The Thrilling End of August

The Thrilling End of August

Stress definitely does a number on the mind and body.

To say my religious life has suffered lately would be a massive understatement. Oh, I’ve gotten writing done, and praying, and I’m still chugging along, but I feel exhausted. I get writing done but it’s all circles and spirals and messes. My writing buds on the vine but it doesn’t blossom. The ideas crowd each other out and then none of them have time to come to fruition due to my exhaustion. My offerings are, well, offered, but not heartfelt.

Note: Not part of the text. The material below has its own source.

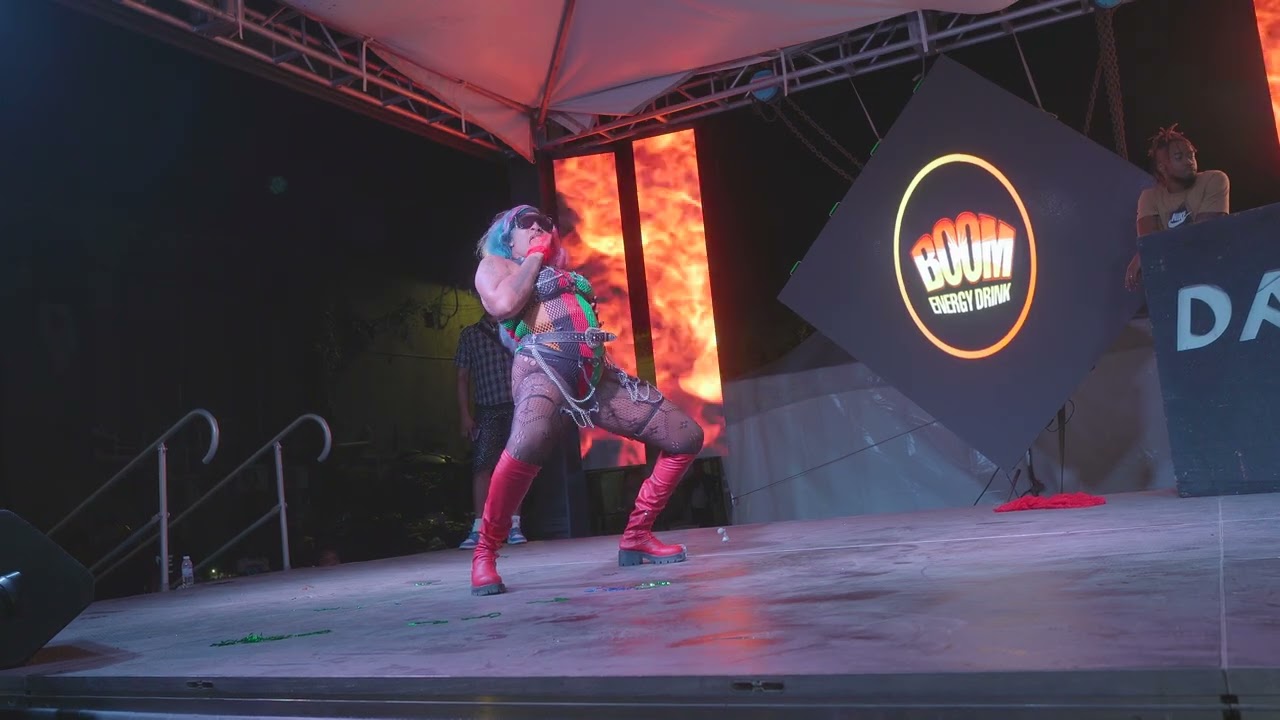 Dancehall Mecca presents QUEEN OF THE MECCA 2026 | Showcase Round – Sylva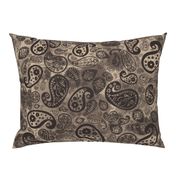 Steampunk Paisley 2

People have written before that being in a stressful, unsafe, or unstable environment can really mess you up. It can have long term effects, and usually it just makes every already difficult part of being alive even harder. I’m not sure I really want to get into details but – my life is stressful and has been for a long time.

For me, religion was both a type of salvation and a type of damnation. Being faithful was as natural to me as breathing. Prayer felt wonderful. I felt comforted, and peaceful, and safe (all things I didn’t feel before). But being religious caused tensions, frustrations, and fights. I was comforted internally, but the stress externally just continued to pile on.

Life was always unstable, and I learned to handle that as I grew up.

It seems that the stress has reached a point where it is very seriously impairing my religious practice, though. During such times, we’re supposed to turn to our gods, not give up our prayers and rituals, etc. Which makes sense, and is very nice, and it is important to continue building and sustaining our practice so that it can sustain us during times like these. Often, even when I was trying to stitch together a practice from various pieces, when I was still very green, prayer and faith got me through. I had my daily work and I could do it. I had goals, and I could pursue them. My religion was my foundation, and it was unshakeable.

Maybe things are falling apart now, faith wise, because I’m not praying enough.

If only more prayers could fix this.

It seems that it is impious to doubt, to falter. Even more so since I’m founding a religion and all that gunk. It is not a doubt in my gods, or their existence, or the spirits. That doubt has rarely found me and nested in my heart. But it is doubt of my ability to walk, to speak, to be. I doubt, I suppose, the meaning of this work. Oh yes, the gods and spirits enjoy the stories I make, and the interpretations I give them – sometimes agreeing, sometimes laughing, sometimes just holding silence – but I’m not one of those super pious spirit workers who gets off only on that.

It is not that I don’t have plans. I have so many plans, I add more and cut more every day. I am capable of planning and dreaming and accomplishing goals.

But I have found that place that my faith cannot help, that my religion cannot touch, that my gods cannot assist in. Not for lack of their dominion over this area of my life, or for lack of their presence, but because this is mine, not theirs.

And that is a change, and my feet are slipping as I adjust, but I suppose there is something to be said for the volume of work I have put out during this stressful period – even if I haven’t been able to publish most of it.